*SUPPLIED INFORMATION*:
--------------------
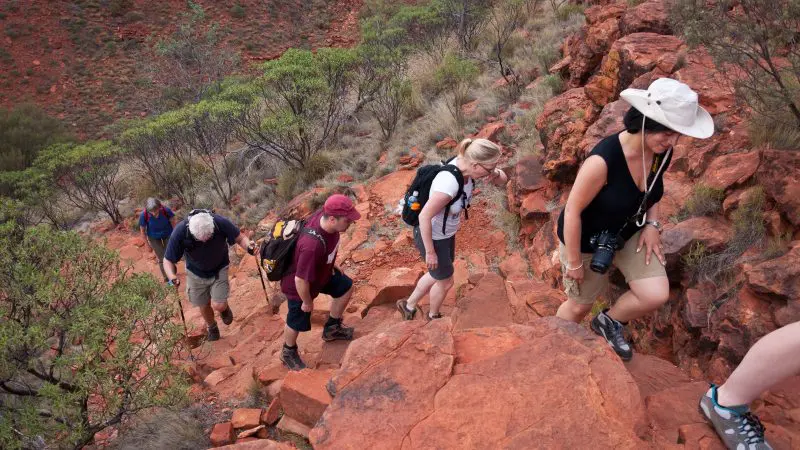 Five hikers trek a rugged, red-rock trail on a five-day Outback camping adventure loop from Alice Springs, Australia.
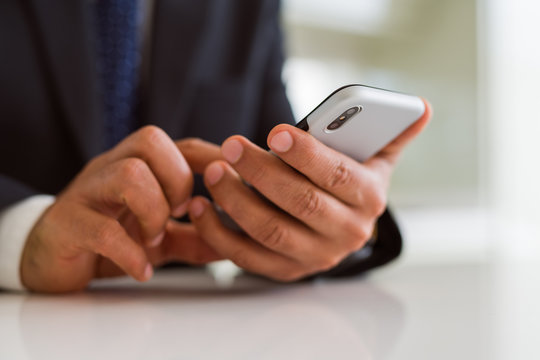 Close up of business man hands using smarpthone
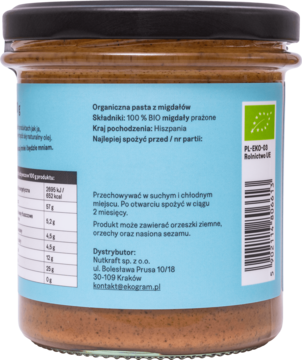 Zbliżenie na tył słoika z ekologiczną pastą z prażonych migdałów, niebieska etykieta z danymi i BIO certyfikatem.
--------------------
*YOUR ASSIGNMENT*: The data above should be restated exactly, with its images dropped.

*ANSWER AREA*:
 Five hikers trek a rugged, red-rock trail on a five-day Outback camping adventure loop from Alice Springs, Australia.
 Close up of business man hands using smarpthone
 Zbliżenie na tył słoika z ekologiczną pastą z prażonych migdałów, niebieska etykieta z danymi i BIO certyfikatem.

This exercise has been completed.